I've finished a run with profiling enabled (and the bug that killed the last one avoided by disabling ForcedPhotCcdTask, the last step in the pipeline, and one often skipped for other reasons).
First off, the profiling overheads appear to significant, unless something else (load, caching) changed under me: the last run took just under 4 hours total, while this one took about 6 hours.
A breakdown from status logging:
- 23m: executing and iterating over rows from the big initial query
- 10m: resolving (finding dataset_ids and runs) for input datasets (almost entirely raws)
- 1h20m: assembling "isr" quanta (includes calibration dataset lookups)
- 1h10m: assembling "charImage" quanta
- 2h: assembling "calibrate" quanta (includes refcat lookups)
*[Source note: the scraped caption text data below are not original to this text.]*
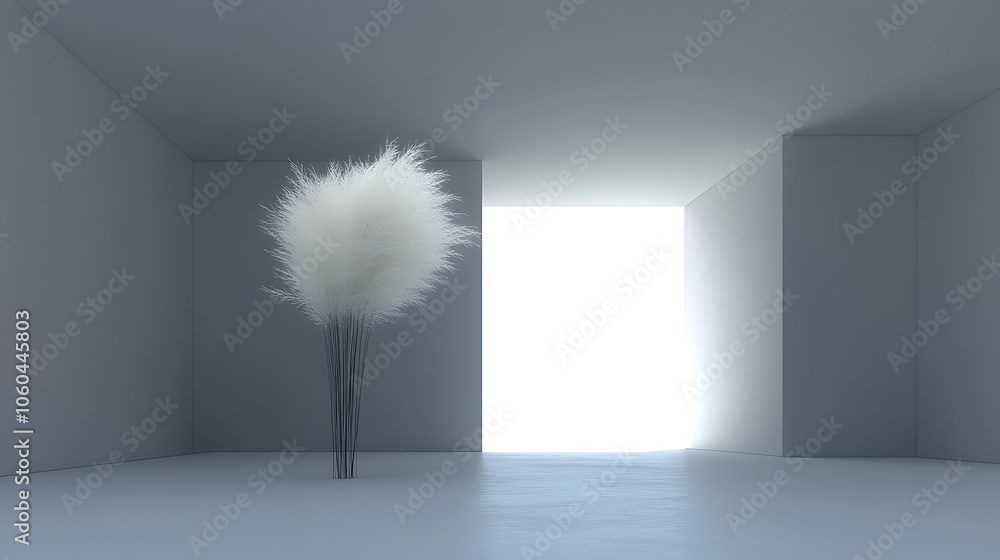 Aufkleber minimalist room with pampas grass plain textured background for web design and copy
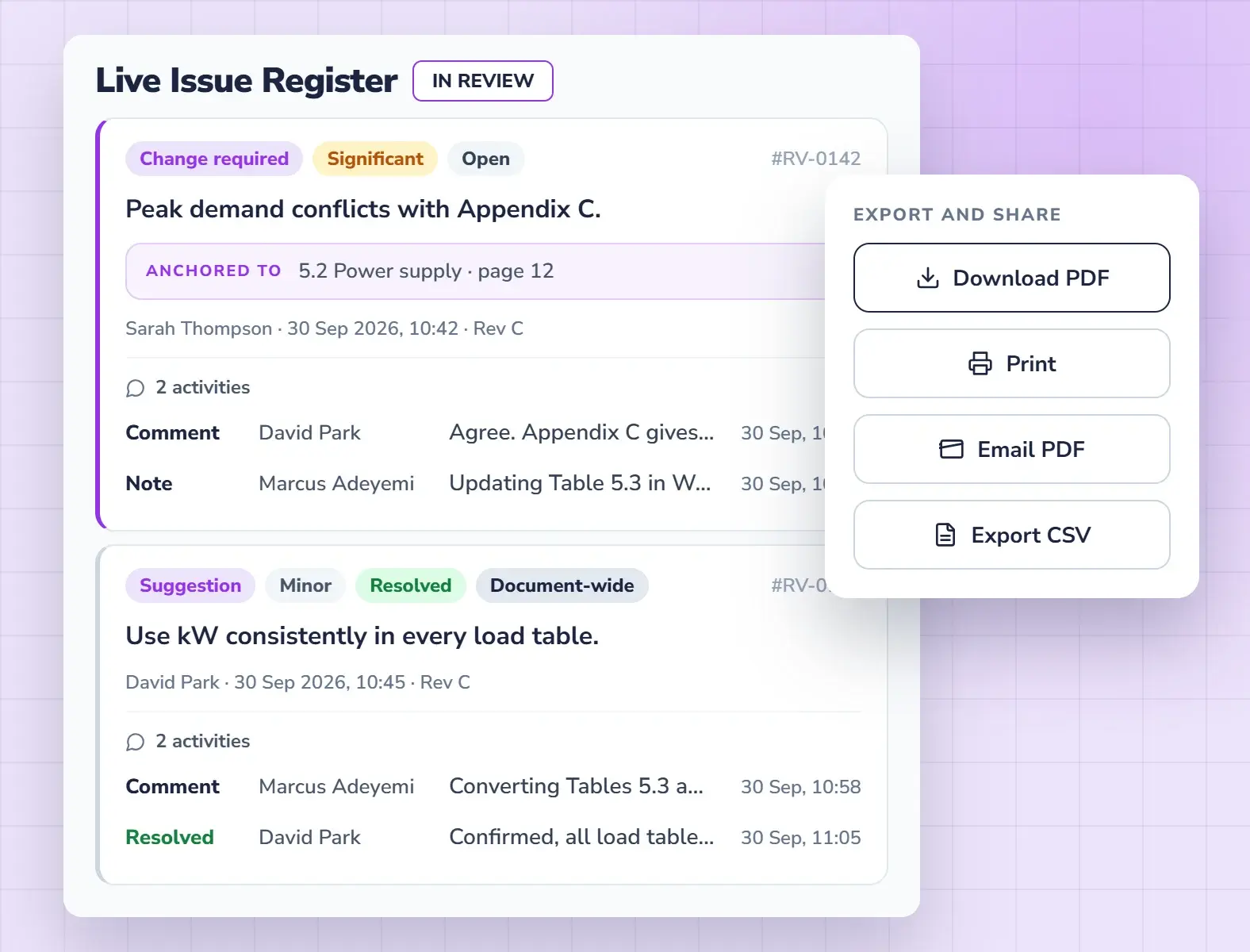 A client team reviewing a consultant's report in the browser and exporting the register as PDF or CSV.
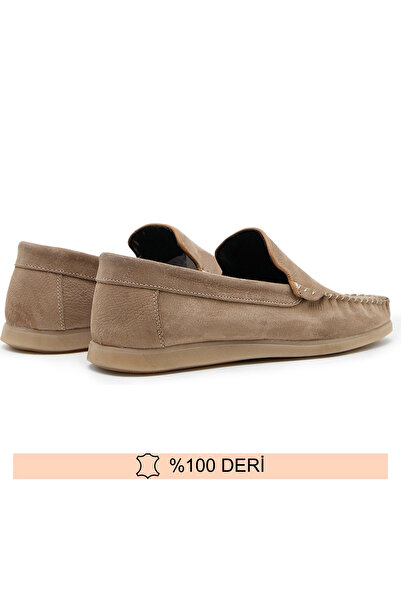 Fine Ayakkabıcılık Genuine Leather Sand Beige Men's Summer Shoes 39-45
- 30m: assembling "makeWarp" quanta
- 5m: assembling quanta for all other tasks combined
And the big news is that the profile (to the extent it can be trusted, given the overheads) says almost all of the time is going into Registry.relateDataIds, which we use to test each Quantum + DatasetRef pair for compatibility while assembling the Quantum. I think the vastly different amounts of time spent for different tasks just corresponds to the number of such combinations for those tasks (given their DatasetTypes and the number of data IDs for them), and now that I think about it, there's no way that testing scales linearly with the size of the graph - it's got to be more like O(N^2), because the number of tests scales as the product of the number of Quanta and the number of DatasetRefs.
The good news is that I think I see a way to restructure things to avoid calling Registry.relateDataIds (and this O(N^2) behavior) entirely, because the rows of the big initial query tell us everything we need about Quantum + DatasetRef relationships. But that will take some restructuring because we've thrown those rows away by the time we assemble the quanta themselves.
An aside for Nate Lust: I'm a bit worried the design you're implementing on may run into the same scaling problem, or something very much like it. It would be worthwhile to do the thought experiment of walking through all of the steps looking explicitly any whose number scales as the product of the number of two kinds of data IDs.